In its statement and economic projections after its December meeting, the Fed capped a year-long shift in policy — it spent 2019 lowering its main policy rate by a cumulative 75 basis points — suggesting it was prepared to hold rates low until the US economy generates more inflation.
The minutes gave little reason to believe policymakers were hesitant about their decision.
“The Fed is really balanced in terms of their assessment of the strength of the economy and their approach,” Michael Arone, chief investment strategist at State Street Global Advisors, said. “They are quite comfortable with the current approach to monetary policy and they are quite unified.”
Looking abroad, the source of much of the central bank’s concern during 2019, participants at the Fed meeting noted that “tentative signs that trade tensions with China were easing, and the probability of a no-deal Brexit was judged to have lessened further.”
“In addition, there were indications that the prospects for global economic growth may be stabilising. A number of participants observed that the domestic economy was showing resilience in the face of headwinds from global developments.”
Treasuries were little changed following the release of the minutes. During the day, the yield on the 10-year Treasury fell 9 basis points to 1.79 per cent, while the yield on the more policy-sensitive two-year note lost 4bp to 1.53 per cent.
US equities failed to trim earlier losses, and the S&P 500 closed 0.7 per cent lower.
Traders are still pricing in at least one quarter-point reduction in the Fed’s benchmark policy rate by December.
John Herrmann, director of interest rate strategy at MUFG Securities, said the US economy was still not ready to withstand tighter monetary policy. “We are hoping they don’t throw a monkey wrench into the engine . . . by suddenly shifting the tone and the language to rate hikes,” he said. “That would be a big mistake.”
During the December meeting, Fed officials also discussed additional measures to address strains that have cropped up in short-term funding markets since September, when the cost of borrowing cash overnight spiked to 10 per cent.
Over the past three months, the New York Fed has injected billions of dollars into the repo market, where investors exchange high-quality collateral like Treasuries for cash. The Fed has also been buying Treasury bills, which have a maturity of one-year or less, at a pace of $60bn per month, in order to boost banks’ reserves.

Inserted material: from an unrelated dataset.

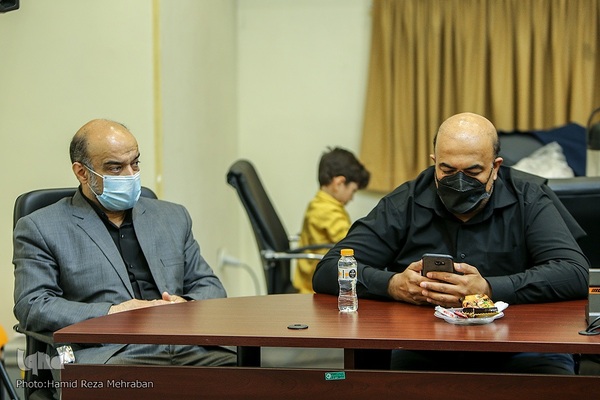 تأکید قرآن بر کرامت انسانی زن؛ مبنایی برای ارتقای تمدنی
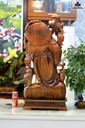 tuong-phat-di-lac-nhat-phuc-vac-dao-go-xa-xi-cao-ca-ky-90-ngang-40-sau-20-cm-ky-cao-10-cm-466546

While the recent operations have kept a lid on short-term borrowing costs, the minutes showed the central bank is open to other strategies to address the problem. Fed officials discussed the possibility of buying other short-term securities beyond Treasury bills if needed, as well as the prospect for reducing the daily operations in the repo market sometime after the April tax season.
“They provided the needed liquidity to calm the repo market during a time for stress, but it was somewhat of a blunt-force instrument,” said Mr Arone. “I think they are looking for better ways to anticipate those risks and better ways to more quietly influence the market.”